Leon Kossoff 1926-2019
198.2 x 188 cm
Further images
Leon Kossoff was born in Islington and, apart from evacuation during the war and four years’ military service in Europe, he has only ever lived and worked in the city. He has painted some areas (Shoreditch, Hackney, Kilburn) over and over again, focusing on places of intense human activity, such as the underground, train stations, parks and swimming pools. Kossoff’s art is founded on a continuous process of drawing directly from life, working in situ at different times of the day and in all weathers. Once he has ‘found’ the final drawing, the one which captures the essence and experience of the landscape before him, he works from this sketch, transferring his marks onto board in oil paint.
As the artist has explained, ‘Every painting that has emerged has been preceded by months, sometimes, years, of drawing. The final painting, the one you see, is made from a drawing made on that day and is about an entirely new experience of the subject. The painting is scraped down before it is worked upon. The same approach is used when painting friends in the studio.’ 2
As the artist describes here, paintings are often scraped back, to be re-painted again and again, (or abandoned), and invariably the final image is the result of a single sitting which lasts for several hours.

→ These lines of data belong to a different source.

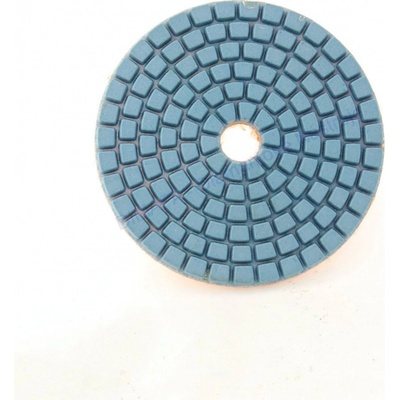 80 mm Kotouč diamantový leštící - #1500 PAD DIMAPA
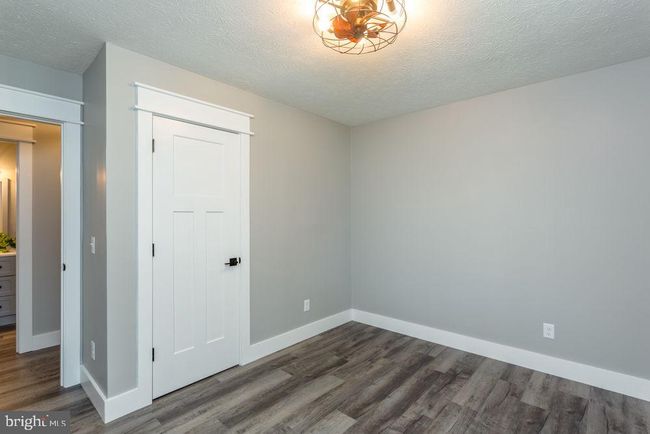 145 Memorial Park Dr, House other with 3 bedrooms, 2 bathrooms and null parking in TIMBERVILLE VA | Image 9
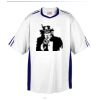 Corner Kick Soccer Jersey- Adult Thumbnail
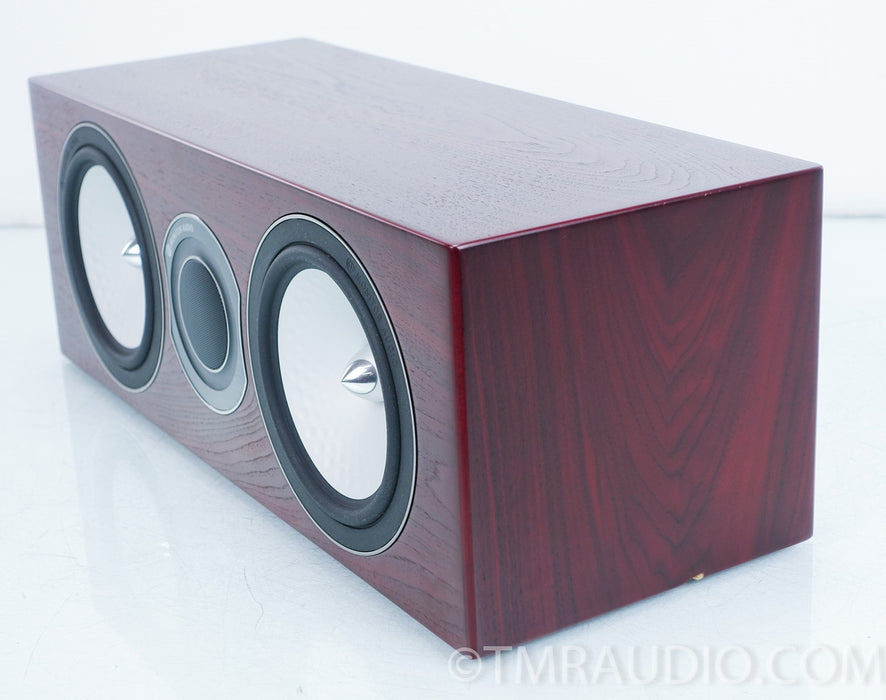 Monitor Audio RX Centre Center Channel Speaker Rosenut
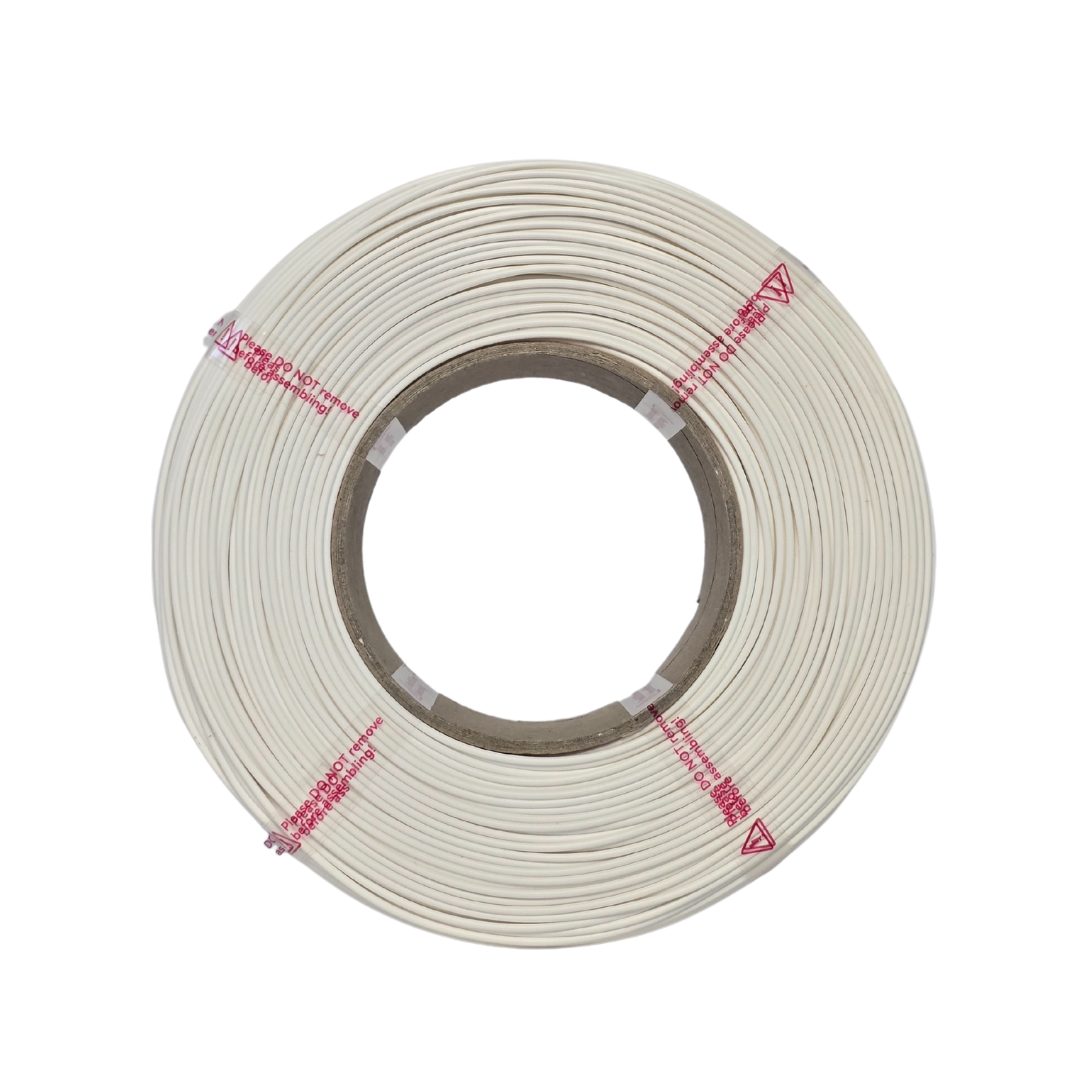 PETG Refill Filament Spool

Kossoff combines his dedication to creating images from life with the meticulous study of paintings by the Old and Modern Masters before him. The study of art history is fundamental to Kossoff’s artistic rhetoric and places such as the National Gallery and the Royal Academy are a great inspiration. Kossoff’s first visited the National Gallery when he was just ten years old and it was around this time that he first encountered Rembrandt’s A Woman Bathing in a Stream, a moment he has described as a life-changing experience. During the 1950s he started to make drawing trips to the Gallery and this was to be the beginning of a life-long practice. Kossoff would draw endlessly from the works housed here and in the Royal Academy, creating a multitude of drawings directly from paintings by Rembrandt, Poussin, Goya and Velasquez, amongst others. He has also made several paintings which borrow directly from past masterpieces such as From Rembrandt: Ecce Homo, 1999 and From Velazquez: Don Sebastian de Morra, c.1985. The intense study of these masterpieces has had a vital impact on Kossoff’s paintings, portraits and landscapes alike, and while his subjects are overwhelmingly contemporary, his paintings share a monumental and timeless quality with the Old Masters.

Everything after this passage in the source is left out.